The BBC will boost its coverage of local and European parliament elections this month with the use of video-over-IP device Stagebox.
The BBC R&D-devised camera-mounted IP connectivity unit will be deployed at 15 councils in London as ballots are counted.
“It enables one production team in a studio to cover 15 locations remotely, which would not be feasible or economically possible if we had to send out 15 outside broadcast trucks,” explained Mark Scott-South, business development director for Stagebox sole licensee L2Tek.
Stagebox will convert the video, audio, genlock, timecode and other camera control information into IP packets for transmission to BBC Elstree over the Public Services Network, a government initiative connecting local authorities with a wide-bandwidth network and cloud.
“Local election counts can be very boring, but there is always a chance that a high-profile politician such as Nigel Farage might turn up.
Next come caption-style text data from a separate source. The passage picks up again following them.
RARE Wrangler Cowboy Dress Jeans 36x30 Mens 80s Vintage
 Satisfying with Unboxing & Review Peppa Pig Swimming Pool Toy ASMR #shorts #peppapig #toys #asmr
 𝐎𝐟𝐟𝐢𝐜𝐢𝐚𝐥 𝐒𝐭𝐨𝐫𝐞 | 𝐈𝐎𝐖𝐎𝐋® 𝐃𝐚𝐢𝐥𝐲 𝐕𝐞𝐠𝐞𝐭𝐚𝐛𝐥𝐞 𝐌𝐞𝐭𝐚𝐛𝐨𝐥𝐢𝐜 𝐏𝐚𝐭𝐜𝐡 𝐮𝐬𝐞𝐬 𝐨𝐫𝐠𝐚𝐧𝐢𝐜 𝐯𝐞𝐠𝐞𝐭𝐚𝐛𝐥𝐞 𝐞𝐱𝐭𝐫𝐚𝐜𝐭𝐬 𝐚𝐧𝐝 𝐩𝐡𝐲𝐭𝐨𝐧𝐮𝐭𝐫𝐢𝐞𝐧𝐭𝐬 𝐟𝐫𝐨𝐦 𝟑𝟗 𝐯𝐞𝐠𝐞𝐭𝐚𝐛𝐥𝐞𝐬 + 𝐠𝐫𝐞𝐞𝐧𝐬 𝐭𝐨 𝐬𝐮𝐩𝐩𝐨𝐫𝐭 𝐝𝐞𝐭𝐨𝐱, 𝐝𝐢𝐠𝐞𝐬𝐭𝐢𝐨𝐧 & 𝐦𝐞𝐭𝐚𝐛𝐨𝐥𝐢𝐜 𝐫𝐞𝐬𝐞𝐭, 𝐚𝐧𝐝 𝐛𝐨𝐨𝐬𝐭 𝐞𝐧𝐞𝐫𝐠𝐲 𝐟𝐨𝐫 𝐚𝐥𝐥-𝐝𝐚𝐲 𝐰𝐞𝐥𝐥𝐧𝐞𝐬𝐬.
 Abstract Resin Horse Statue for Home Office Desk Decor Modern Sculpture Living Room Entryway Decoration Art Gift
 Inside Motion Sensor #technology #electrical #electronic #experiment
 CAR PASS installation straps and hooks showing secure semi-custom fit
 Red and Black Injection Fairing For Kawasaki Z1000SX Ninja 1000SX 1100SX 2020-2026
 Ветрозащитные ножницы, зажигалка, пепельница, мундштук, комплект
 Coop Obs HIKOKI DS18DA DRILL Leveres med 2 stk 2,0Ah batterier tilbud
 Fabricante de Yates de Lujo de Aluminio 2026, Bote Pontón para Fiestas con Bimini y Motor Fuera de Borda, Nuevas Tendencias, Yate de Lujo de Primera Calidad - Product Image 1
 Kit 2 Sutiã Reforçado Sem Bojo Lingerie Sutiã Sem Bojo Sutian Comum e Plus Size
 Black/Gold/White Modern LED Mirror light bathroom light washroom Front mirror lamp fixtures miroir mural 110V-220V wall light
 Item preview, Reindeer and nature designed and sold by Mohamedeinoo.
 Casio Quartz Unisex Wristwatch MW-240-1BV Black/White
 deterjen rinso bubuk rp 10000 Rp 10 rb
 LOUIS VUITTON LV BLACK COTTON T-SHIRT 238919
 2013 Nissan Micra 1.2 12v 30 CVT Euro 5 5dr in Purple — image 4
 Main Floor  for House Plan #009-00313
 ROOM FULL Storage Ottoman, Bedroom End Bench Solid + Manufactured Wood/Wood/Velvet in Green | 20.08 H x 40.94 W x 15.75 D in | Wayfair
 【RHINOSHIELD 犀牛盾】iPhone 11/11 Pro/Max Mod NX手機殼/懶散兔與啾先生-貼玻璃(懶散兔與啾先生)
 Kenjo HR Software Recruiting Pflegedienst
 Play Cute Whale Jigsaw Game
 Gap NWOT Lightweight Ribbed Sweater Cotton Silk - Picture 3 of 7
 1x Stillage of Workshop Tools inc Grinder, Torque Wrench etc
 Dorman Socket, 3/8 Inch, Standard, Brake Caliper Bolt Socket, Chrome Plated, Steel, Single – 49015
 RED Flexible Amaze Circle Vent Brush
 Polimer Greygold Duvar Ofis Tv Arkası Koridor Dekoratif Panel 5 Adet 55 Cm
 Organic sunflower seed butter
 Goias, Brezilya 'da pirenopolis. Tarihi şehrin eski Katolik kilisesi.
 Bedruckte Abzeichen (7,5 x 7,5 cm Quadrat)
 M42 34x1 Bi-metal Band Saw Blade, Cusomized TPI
Now we can be there to capture the results,” said Scott-South.
Stagebox is a core part of the BBC’s plans to migrate live production to IP (internet protocol), which is considered less expensive and more flexible than conventional transmission by HD-SDI.
The technology was used for Red Button coverage of last year’s Glastonbury festival and will be used again at the Commonwealth Games in July.
US broadcasters are also testing the kit. In an upcoming lab demonstration, 4K Ultra HD content will be transported over IP using four genlocked Stageboxes, with the 1.5Gbps feeds stitched into a single image using special software.
This is seen as an intermediate step to 4K over IP, with HEVC encoders required to compress the stream for native 4K work.